Quorzan the Apostate, Chaos Dwarf, Servant of Tzeentch

Qorzan the Apostate

A flash of purple light erupts in the dungeon’s main chamber. A Chaos dwarf, covered in blasphemous tattoos and garbed in tattered red robes, levitates over the cistern. The dwarf is surrounded by a nimbus of purple light that shapes itself into writhing, seeking tentacles.

The dwarf announces that he is Qorzan the Apostate, and that he has, at last, discovered the hiding place of the High Priest of the Cult of the Stranger. He says that it does not matter that the rest of the cult is in residence—he will kill them all and end their interference in his great work.

As Qorzan uses Chaos magic to tear open two portals in reality, Garnier cheekily asks if he spells his name with a “K” or a “Q.” Garnier gets no answer.

From one portal steps out a cohort of beastmen led by a minotaur. From the comes a cohort of beastmen led by a centigor. Qorzan commands them to attack and destroy their foes in the name of Chaos Undivided.

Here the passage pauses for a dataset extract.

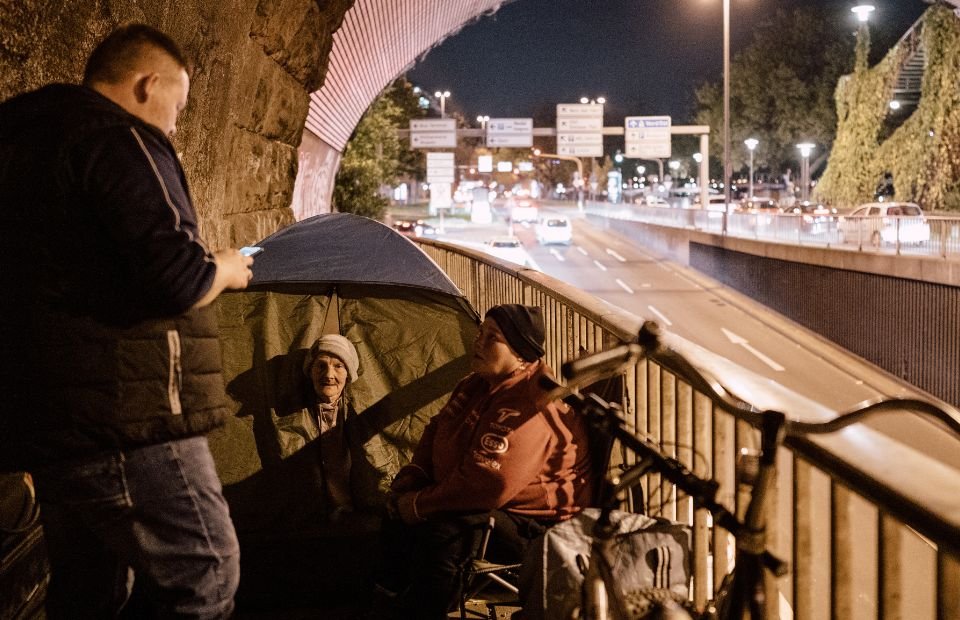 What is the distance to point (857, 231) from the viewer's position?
2472 cm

The battle rages across the dungeon. Magnus and Sir Henri close with the centigor as quickly as they can, preventing it from charging and bringing its demilance to bear against them. Several mighty blows from both men bring the centigor crashing to the ground.

Maurice fires an arrow laced with manticore poison at the minotaur. It strikes true, but as the minotaur is many times the size of a normal man, it seems to be slow in taking effect. The minotaur grows steadily more lethargic as the fight continues, but it is still strong enough to ignore several hits from Sir Jean-Marc. With a bellow, the minotaur catches Sir Jean-Marc in its horns and hurls him across the room.

Several of the company fire ranged weapons at Qorzan, only for his aura of tentacles to catch many of their projectiles and redirect them at their companions. Seeing this, Maurice fires the arrow granted to him by the Lady. One of Qorzan’s tentacles catches it, only to be dispelled by the arrow’s holy power. The arrow flies true, hitting and badly wounding Qorzan.

Renee hurls her net at Qorzan. The net is either too large or too heavy for the tentacles to manage, and so it completely engulfs him, its weight dragging him down into the cistern.

Sabina throws aside her empty, smoking pistols and leaps, screaming, at Qorzan. She clears the lip of the cistern, knots her fingers into the stiff cords of the net, and lets gravity do the rest. She and the Chaos dwarf plunge into the icy waters of the cistern, clawing at one another and trying to keep their heads above water.